Okay, so the title is probably a bit over the top, but how many times have you seen a version of this play out:
Business Cust: This doesn't do what I wanted
BA: I'm sorry; the requirements were clear
Dev: Yeah, and they said to build exactly what I built
BA: I didn't mean for the requirements to mean THAT -- obviously you misread them
Business analysts are generally people who are charged with helping the business users turn the brilliant idea they have in their heads into instructions that the development teams can follow to realize that brilliant idea. This is not an easy thing to do under the best of circumstances and modern business does its level best to ensure that no one works under the best of conditions. The task itself is obviously needed. Business people and customers are, well, business people and customers. They are not capable, and frankly should not be expected, to completely understand how to make technology do what they need it to do. The problem comes from the insistence on separating the people who understand the business from the people who understand the technology.
When you want to learn something, when you want to understand what is going on in someone's head, the best way is to spend time with that person. Only by working with the person with the idea can you hope to understand enough about the idea to turn it into a solid product. More, the give and play of a true conversation can lead to refinement and improvement of the idea as the business person understands more fully what technology can and cannot do. But if you separate the implementor from the person with the idea, you break this circle of understanding. This, much more often than not, is what happens when you introduce a business analyst.
Instead of clear communication, you get a game of telephone. The business analyst, who is almost always not a technology expert, attempts to understand the idea and convert it into language that the developer can work from. The business person or customer lacks appropriate feedback on their ideas, and often walks away without a complete understanding of the cost of what they are asking for or the possible options and ways technology can improve their idea. The developer hears about the idea third hand: instead of something resembling the Platonic Form of the idea, the developer is strapped in Plato's cave, able to see only the shadow of the thing.
There are many reasons why this happen, but all of them trace back to the modern management disrespect of the idea of the value of craft. In the modern MBA mindset, the perfect developer is one that is completely interchangeable with any other developer. The recognition of skill, talent, and ability play little, if any, role in that model. There is a persistent myth that developers are not socially aware enough to be allowed to interact with other human beings. Thus there is a need to interject an intermediary into the equation. This infantilization of developers, this unwillingness to demand the same kinds of skills from developers as from other members of the enterprise, makes it easier to believe that developers are just replaceable code monkeys.

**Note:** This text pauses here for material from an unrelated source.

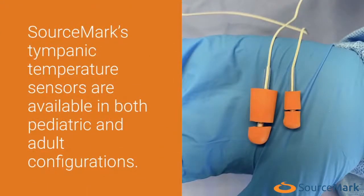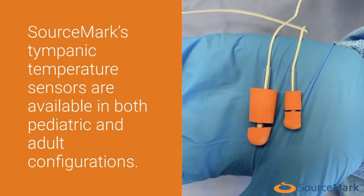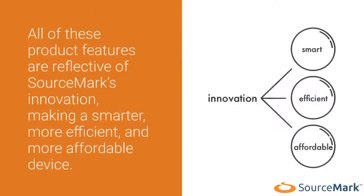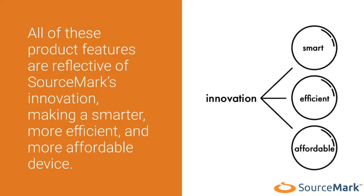Sourcemark's tympanic temperature sensors are available in both pediatric and adult configurations. All of these product features are reflective of Sourcemark's innovation, making a smarter, more efficient, and more affordable device.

The problem is that it doesn't really work. Requirements are notoriously unreliable; the industry has been steadily moving away from waterfall projects -- projects where the work is done in distinct stages: requirements, development, testing -- and into more iterative models, where there are multiple opportunities to clarify and correct mistakes in requirements and adjust to changing realities. The Agile development methodology is designed explicitly to put people who understand the business in the same room as people who understand technology. The recent surge in architecture and solution architecture positions are another attempt to correct for the over abundance of business analysts and bring the business and technology together.
If you want your technology to better solve your business problems, tech your business analysts to code. You will break the telephone lines and let your business and your technology have nice, long, productive conversations.